St Antony’s students win MPhil in Development Studies prizes
Loïs Toumieux and Tegan Hadisi, both students of St Antony’s College, have won the Papiya Ghosh Thesis Prize and Examiners prize respectively.
Loïs Toumieux’s thesis investigated the socio-environmental impacts of a nickel mine’s Biodiversity Offset (BO) pilot in Eastern Madagascar. By drawing on interviews with key stakeholders involved in the pilot, it went beyond examining BO as a purely technical conservation mechanism and instead looked at how BO is a deeply human project that depends upon reshaping local behaviours.
The Papiya Ghosh Prize is awarded annually to a student for the best MPhil Dissertation in Development Studies. It was established in memory of Papiya Ghosh, a historian of Southeast Asia.
Tegan Hadisi’s thesis looked at how authoritarian regimes leverage massive infrastructure projects to bolster their legitimacy.

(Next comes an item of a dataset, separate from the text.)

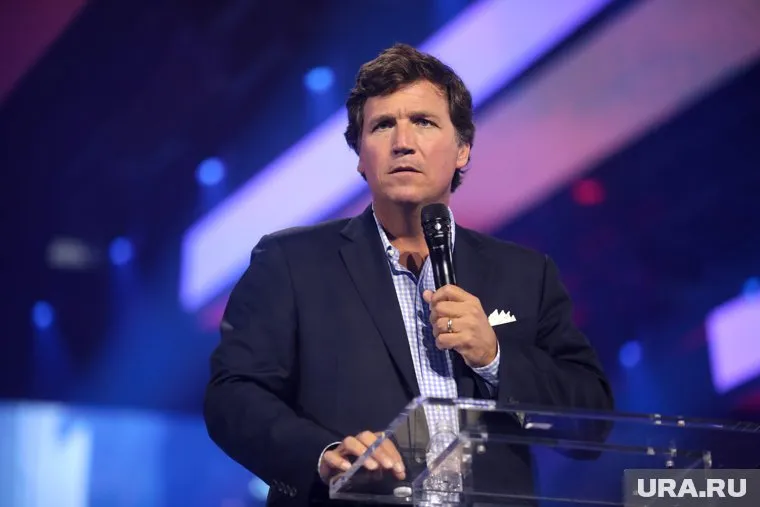  Карлсон считает необходимым лишать гражданства США людей, воевавших на Украине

Focusing on the infrastructure project The Line in Saudi Arabia, it examined how such developments are deeply entangled with political power and the justification of centralised authoritarian governance.
Tegan is currently writing a co-authored book, ‘Migrant TikTok: The Struggle for Digital Power’, and hopes to build on her MPhil research in the future.